Ses moyennes cette saison-là donnent le vertige. 37,6 pts, c’est la quatrième marque de l’histoire, les 3 premières étant l’oeuvre de… Chamberlain lui-même bien sûr. Ses 27 rbds sont tout proches des 27,2 qu’il glanera chaque soir la saison suivante et devance ses 25,7 de sa saison 3. Bref, il s’est montré à la hauteur des 50.000 dollars qu’il a touché cette année là (deux fois plus que ce qu’avait payé son proprio pour la franchise des Warriors 7 ans plus tôt…). Les Philadelphia Warriors ont sans surprise fait un énorme bond, passant de la dernière place à des demi-finales de conf perdues 4-2 face aux Celtics.
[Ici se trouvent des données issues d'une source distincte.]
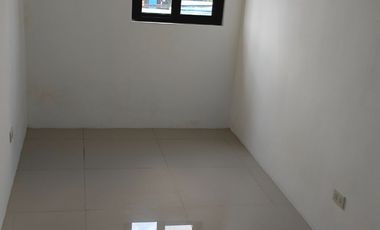 Malanday Valenzuela Brand New Townhouse 3 BR, 2 T&B, with front parking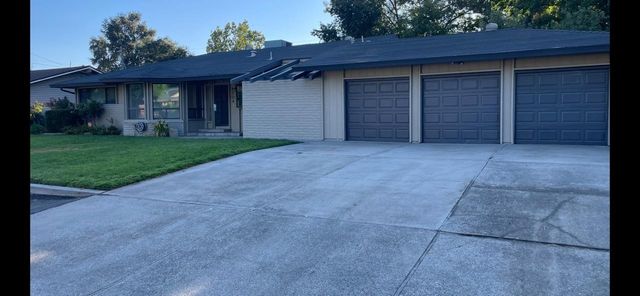 9704 Springfield Way, Stockton, CA 95212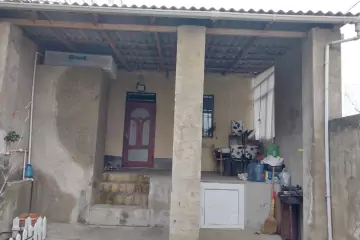 Satılır Həyət Evi Bakıda 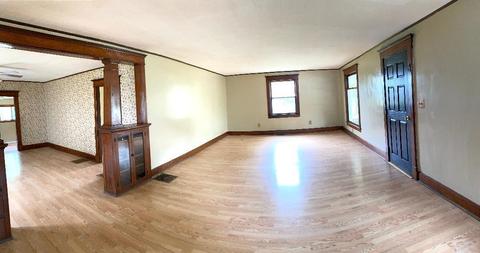 365 E Broad St, Lyons, IN 47443 photo 7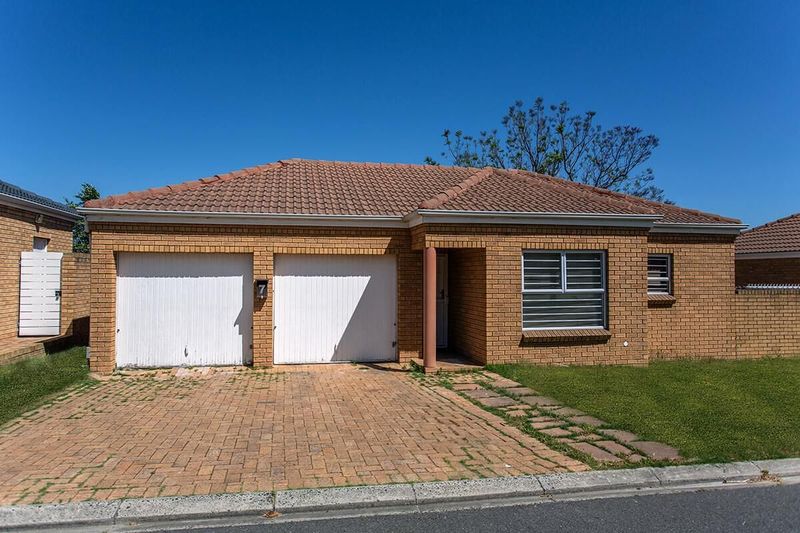 3 BEDROOM FACE BRICK HOUSE FOR SALE IN BRACKENFELL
Sans surprise, et c’est dingue de dire ça, il a aussi chopé le trophée de MVP cette saison-là. Une saison qui aurait pu être la dernière. Soulé par son coach Neil Johnston avec qui l’entente n’était pas bonne, fatigué de prendre des coups (en même temps, comment l’arrêter ?), volonté de revenir vers l’athlé son premier amour ou levier de négociation ? En tout cas, il a annoncé vouloir stopper et tenter de taper le record du monde de décathlon. Il aurait sans doute pu. Mais Johnston s’est fait virer et l’athlé ne rapportait rien. Avec un nouveau contrat de trois et 65K à la clé, il a donc décidé de revenir. La plus grande saison de l’histoire pour un rookie n’aura donc pas été la dernière pour Chamberlain.